Crawled caption data
:::::
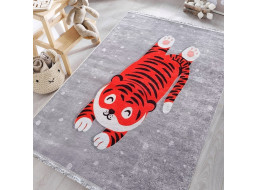 Detský kusový koberec HONOR New - Tiger - šedý
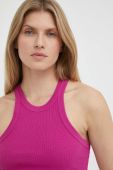 Бавовняний топ G-Star Raw x Sofi Tukker колір рожевий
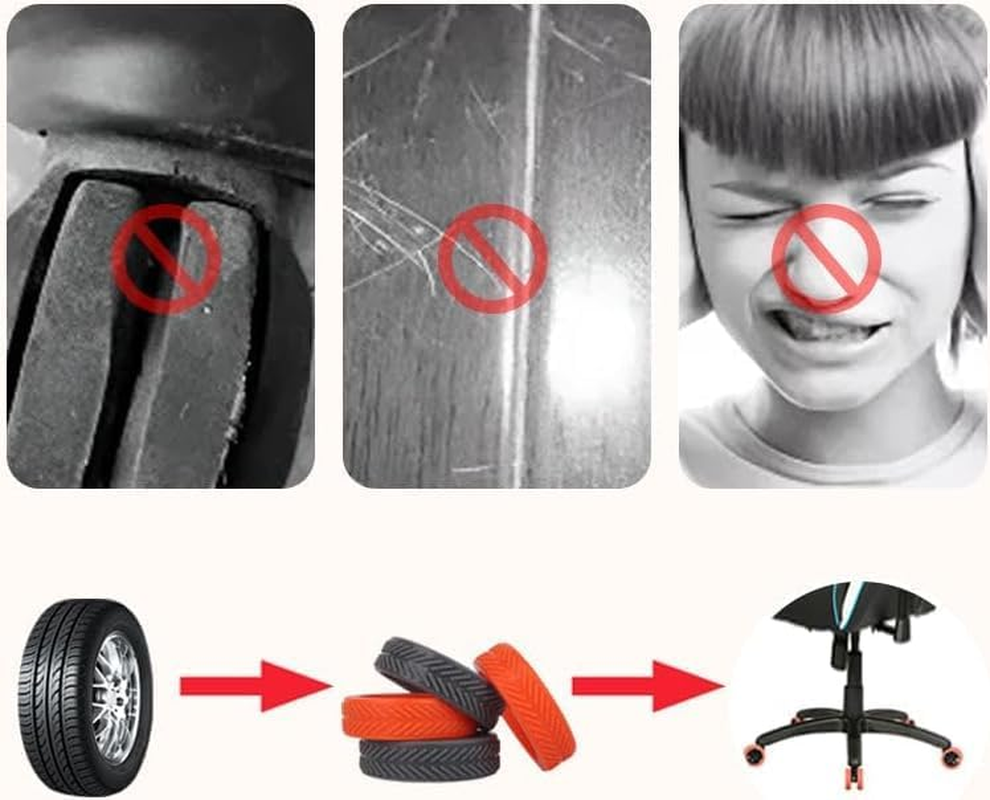 Luggage Suitcase Wheel Covers 8PCS Colorful Silent Silicone Luggage Wheel Covers Chair Wheel Protection Cover Fof Universa Luggage Chair /923 (Color : Blue) image number 2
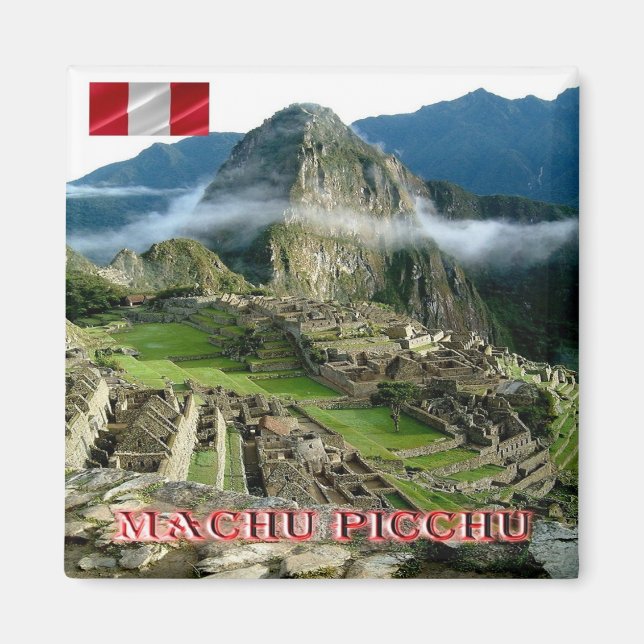 zPE023 MCHU PICCHU, Peru, Amerika, Kühlschrank Magnet (Vorne)
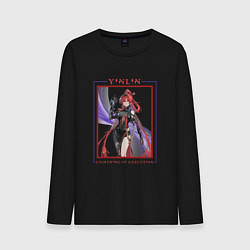 Лонгслив хлопковый мужской Yinlin Lightning of Execution, цвет: черный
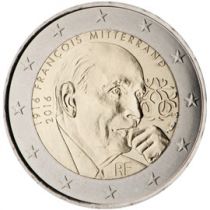 2€ Rulla Ranska François Mitterrand 2016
:::::
Where the line containing "zPE023 MCHU PICCHU, Peru, Amerika, Kühlschrank" appears in the entries above, start there and set down every line exactly through the last one, inclusive; omit pictures.

 zPE023 MCHU PICCHU, Peru, Amerika, Kühlschrank Magnet (Vorne)
 Лонгслив хлопковый мужской Yinlin Lightning of Execution, цвет: черный
 2€ Rulla Ranska François Mitterrand 2016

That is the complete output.